Location & Composition of Chromosomes
DNA, also known as deoxyribonucleic acid, is a nucleic acid that stores and transmits genetic information from one generation to the next by coding for the production of a cell's proteins. It is contained within the nucleus of an animal cell and carries the genetic code for the organism. DNA is a large complex molecule composed of carbon, oxygen, hydrogen, nitrogen, and phosphorus atoms. Contained within DNA are four nitrogen bases, two of which belong to a group of compounds known as purines: adenine and guanine. The other two, cytosine and thymine, are known as pyrimidines.
Watson and Crick developed the double helix model of DNA structure, which we can see in this animation. After observing an x-ray diffraction photograph taken by Franklin, which showed the DNA pattern and demonstrated that there were probably two strands of DNA, Watson and Crick imagined the two strands twisted around one another, forming the double helix. In their model, the nitrogen bases were located on the inside of the helix, like the rungs of a twisted ladder.
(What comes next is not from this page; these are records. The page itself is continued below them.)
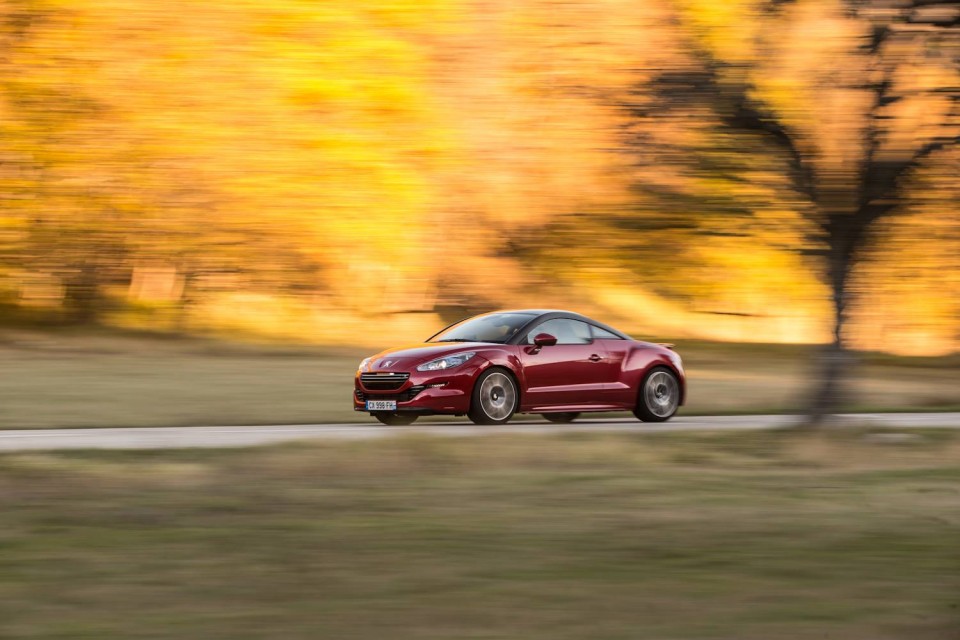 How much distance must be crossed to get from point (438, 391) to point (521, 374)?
45.0 inches

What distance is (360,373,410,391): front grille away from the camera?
54.7ft

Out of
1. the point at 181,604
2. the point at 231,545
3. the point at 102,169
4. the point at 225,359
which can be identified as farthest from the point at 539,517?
the point at 102,169

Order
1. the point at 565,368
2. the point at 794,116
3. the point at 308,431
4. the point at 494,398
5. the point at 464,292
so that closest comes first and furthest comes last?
the point at 794,116
the point at 308,431
the point at 494,398
the point at 565,368
the point at 464,292

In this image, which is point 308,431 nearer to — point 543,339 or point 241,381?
point 543,339

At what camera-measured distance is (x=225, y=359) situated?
101ft

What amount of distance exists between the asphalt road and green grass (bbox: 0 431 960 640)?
98 cm

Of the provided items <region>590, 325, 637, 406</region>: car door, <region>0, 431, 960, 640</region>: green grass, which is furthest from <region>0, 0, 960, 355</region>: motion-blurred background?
<region>0, 431, 960, 640</region>: green grass

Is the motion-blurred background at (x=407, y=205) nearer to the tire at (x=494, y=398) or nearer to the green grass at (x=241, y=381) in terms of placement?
the green grass at (x=241, y=381)

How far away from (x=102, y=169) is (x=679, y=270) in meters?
13.0

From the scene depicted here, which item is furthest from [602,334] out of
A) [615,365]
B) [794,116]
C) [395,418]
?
[794,116]

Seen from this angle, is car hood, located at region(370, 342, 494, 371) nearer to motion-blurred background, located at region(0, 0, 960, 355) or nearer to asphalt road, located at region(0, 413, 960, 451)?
asphalt road, located at region(0, 413, 960, 451)

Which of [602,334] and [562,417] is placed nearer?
[602,334]

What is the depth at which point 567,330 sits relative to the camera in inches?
706

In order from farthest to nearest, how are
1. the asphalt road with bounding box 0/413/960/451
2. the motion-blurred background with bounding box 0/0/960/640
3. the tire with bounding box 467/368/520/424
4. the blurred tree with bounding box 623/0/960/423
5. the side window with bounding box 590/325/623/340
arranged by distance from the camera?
1. the side window with bounding box 590/325/623/340
2. the tire with bounding box 467/368/520/424
3. the blurred tree with bounding box 623/0/960/423
4. the asphalt road with bounding box 0/413/960/451
5. the motion-blurred background with bounding box 0/0/960/640
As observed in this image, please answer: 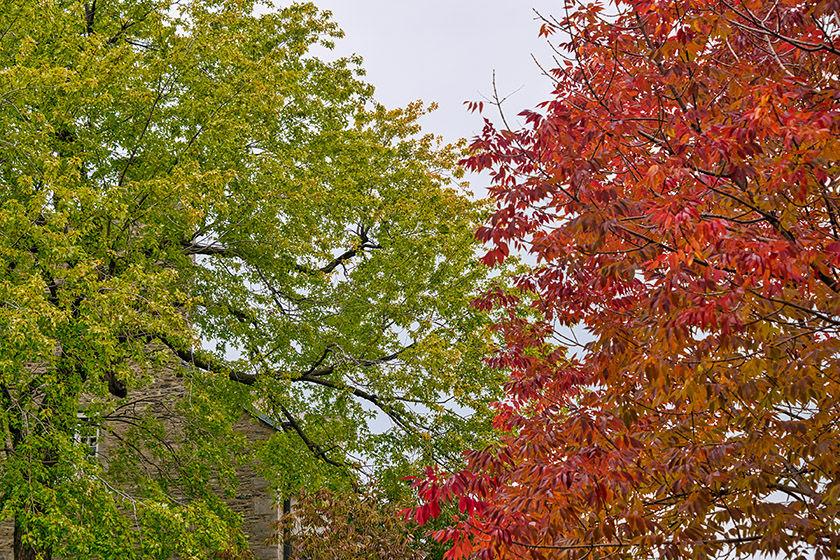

Furthermore, they proposed that the two strands of the double helix were held together because each purine (shown in light blue) paired with a pyrimidine (pink) using hydrogen bonds. Bases that pair with each other are referred to as complimentary bases. In DNA, adenine (often abbreviated as A) is complimentary to thymine (T) while cytosine (C) is complimentary to guanine (G). We now know that each animal chromosome consists of a single, long DNA double helix.